WHAT YOU ARE ASKED TO DO:
What you return must be every line below that includes the word "Thumbnail".

GIVEN INFORMATION:
◆ ◆ ◆ ◆

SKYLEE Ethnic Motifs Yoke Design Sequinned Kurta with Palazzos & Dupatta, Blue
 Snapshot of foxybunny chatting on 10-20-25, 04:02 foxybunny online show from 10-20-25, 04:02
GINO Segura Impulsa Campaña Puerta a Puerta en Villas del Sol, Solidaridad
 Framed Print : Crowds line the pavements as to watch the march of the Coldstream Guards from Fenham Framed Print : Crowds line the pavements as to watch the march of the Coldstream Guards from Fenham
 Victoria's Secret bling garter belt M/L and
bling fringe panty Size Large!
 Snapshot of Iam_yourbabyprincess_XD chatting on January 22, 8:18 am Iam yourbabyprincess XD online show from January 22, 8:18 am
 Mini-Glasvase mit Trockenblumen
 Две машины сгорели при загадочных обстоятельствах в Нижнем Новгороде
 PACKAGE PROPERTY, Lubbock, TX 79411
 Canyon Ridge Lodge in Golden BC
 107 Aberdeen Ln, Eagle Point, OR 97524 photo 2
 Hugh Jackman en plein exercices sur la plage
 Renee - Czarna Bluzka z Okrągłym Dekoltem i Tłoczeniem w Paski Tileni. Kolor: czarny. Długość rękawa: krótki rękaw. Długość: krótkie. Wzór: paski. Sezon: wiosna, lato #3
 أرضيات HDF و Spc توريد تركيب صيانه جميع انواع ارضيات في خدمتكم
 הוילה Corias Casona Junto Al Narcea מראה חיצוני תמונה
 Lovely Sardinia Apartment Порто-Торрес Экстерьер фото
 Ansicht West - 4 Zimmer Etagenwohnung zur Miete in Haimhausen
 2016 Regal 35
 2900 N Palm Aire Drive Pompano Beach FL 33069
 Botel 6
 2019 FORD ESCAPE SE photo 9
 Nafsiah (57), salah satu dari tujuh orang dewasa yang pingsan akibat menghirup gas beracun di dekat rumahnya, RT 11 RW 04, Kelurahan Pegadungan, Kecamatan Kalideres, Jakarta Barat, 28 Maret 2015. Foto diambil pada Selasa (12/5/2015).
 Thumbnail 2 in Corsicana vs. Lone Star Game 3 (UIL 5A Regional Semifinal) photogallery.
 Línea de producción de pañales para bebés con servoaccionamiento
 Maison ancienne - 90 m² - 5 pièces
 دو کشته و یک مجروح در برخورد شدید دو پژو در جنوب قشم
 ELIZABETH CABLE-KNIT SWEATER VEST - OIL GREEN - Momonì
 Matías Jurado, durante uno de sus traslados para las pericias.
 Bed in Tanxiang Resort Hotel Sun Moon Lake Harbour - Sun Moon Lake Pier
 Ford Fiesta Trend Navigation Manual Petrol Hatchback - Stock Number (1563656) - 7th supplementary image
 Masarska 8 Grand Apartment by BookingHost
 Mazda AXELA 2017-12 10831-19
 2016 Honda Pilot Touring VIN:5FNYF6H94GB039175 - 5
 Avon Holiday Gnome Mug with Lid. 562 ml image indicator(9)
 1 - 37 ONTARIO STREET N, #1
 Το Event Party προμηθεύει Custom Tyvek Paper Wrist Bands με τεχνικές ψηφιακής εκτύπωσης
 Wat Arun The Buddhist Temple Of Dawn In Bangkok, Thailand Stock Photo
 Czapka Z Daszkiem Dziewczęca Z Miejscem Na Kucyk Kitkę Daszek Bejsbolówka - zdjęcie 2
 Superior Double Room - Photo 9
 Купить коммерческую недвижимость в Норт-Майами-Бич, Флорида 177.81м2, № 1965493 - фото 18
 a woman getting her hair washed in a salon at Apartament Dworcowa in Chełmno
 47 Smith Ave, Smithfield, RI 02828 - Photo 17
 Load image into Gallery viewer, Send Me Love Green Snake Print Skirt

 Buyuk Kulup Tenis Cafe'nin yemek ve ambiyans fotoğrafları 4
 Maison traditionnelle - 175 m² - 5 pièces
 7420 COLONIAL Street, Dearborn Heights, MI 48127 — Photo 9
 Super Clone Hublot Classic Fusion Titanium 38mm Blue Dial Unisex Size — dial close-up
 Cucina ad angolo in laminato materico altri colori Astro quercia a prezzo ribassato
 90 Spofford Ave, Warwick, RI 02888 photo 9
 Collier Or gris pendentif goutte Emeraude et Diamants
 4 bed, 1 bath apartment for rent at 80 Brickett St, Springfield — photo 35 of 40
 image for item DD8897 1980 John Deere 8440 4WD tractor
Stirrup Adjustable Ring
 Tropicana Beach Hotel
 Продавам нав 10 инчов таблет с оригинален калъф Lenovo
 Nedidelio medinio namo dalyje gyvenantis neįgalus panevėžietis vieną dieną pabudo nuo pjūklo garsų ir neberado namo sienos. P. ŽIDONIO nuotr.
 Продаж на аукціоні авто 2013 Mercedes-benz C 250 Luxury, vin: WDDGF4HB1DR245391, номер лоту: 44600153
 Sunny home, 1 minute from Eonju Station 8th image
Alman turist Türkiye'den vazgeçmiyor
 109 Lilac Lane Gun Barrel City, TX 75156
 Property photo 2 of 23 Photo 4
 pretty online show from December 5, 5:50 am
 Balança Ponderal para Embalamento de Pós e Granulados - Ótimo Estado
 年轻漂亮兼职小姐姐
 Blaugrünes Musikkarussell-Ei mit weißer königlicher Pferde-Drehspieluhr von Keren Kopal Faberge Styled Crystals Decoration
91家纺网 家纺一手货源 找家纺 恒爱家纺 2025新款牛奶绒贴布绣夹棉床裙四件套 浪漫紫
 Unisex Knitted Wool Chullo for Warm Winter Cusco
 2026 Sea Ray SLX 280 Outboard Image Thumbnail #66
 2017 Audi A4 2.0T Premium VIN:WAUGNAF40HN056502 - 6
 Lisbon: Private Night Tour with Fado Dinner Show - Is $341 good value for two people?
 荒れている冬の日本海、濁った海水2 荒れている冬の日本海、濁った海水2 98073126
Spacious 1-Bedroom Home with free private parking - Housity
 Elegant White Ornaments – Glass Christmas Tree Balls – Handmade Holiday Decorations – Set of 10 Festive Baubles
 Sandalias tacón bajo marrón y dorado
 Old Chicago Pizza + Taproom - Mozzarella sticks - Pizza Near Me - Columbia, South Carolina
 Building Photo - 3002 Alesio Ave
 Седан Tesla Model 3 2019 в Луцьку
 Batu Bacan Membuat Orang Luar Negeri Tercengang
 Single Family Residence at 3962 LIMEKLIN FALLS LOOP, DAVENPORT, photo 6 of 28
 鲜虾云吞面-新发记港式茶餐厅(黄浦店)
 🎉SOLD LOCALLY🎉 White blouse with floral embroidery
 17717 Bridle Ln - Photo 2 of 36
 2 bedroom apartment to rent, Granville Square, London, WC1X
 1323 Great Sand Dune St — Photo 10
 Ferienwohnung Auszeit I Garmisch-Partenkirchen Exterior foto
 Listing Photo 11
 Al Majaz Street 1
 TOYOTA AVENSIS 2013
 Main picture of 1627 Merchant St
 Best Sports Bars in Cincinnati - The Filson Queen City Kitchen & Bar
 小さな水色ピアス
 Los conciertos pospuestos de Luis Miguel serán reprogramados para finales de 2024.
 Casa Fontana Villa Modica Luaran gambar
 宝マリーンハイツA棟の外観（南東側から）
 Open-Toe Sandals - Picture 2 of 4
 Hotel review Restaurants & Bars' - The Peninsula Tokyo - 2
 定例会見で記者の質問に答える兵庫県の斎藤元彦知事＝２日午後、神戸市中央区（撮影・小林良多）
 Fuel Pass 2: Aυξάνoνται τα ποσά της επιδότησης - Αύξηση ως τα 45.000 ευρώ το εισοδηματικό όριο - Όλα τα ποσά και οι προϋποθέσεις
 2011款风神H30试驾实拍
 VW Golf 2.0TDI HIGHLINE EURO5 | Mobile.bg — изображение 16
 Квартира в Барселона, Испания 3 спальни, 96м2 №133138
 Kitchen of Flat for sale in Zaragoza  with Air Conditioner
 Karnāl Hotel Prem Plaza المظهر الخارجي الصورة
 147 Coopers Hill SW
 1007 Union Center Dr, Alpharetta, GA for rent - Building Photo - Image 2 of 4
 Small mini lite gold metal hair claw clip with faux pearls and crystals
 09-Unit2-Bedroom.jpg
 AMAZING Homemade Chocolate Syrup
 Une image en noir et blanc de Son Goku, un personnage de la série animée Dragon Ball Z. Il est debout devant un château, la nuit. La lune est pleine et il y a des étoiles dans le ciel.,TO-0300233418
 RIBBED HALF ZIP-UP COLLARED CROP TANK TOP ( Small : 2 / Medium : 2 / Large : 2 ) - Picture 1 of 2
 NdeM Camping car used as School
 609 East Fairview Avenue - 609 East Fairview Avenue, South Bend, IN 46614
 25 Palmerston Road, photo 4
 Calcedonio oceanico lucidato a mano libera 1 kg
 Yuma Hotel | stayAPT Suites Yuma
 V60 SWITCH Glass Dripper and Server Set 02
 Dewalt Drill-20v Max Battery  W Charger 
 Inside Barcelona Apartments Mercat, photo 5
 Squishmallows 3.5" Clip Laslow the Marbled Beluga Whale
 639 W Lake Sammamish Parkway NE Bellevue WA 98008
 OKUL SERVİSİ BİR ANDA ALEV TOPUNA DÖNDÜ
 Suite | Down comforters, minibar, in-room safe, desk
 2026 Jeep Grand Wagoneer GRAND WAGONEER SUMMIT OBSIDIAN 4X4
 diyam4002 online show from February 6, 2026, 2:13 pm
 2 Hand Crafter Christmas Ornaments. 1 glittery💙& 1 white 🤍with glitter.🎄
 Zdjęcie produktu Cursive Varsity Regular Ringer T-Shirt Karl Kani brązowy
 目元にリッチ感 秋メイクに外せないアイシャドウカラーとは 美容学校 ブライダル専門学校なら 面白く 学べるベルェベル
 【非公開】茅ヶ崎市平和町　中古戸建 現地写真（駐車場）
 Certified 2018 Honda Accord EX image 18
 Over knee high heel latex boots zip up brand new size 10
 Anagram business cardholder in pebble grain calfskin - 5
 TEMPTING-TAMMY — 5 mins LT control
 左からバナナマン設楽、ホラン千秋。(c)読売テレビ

◆ ◆ ◆ ◆

EXPECTED ANSWER:
 Thumbnail 2 in Corsicana vs. Lone Star Game 3 (UIL 5A Regional Semifinal) photogallery.
 2026 Sea Ray SLX 280 Outboard Image Thumbnail #66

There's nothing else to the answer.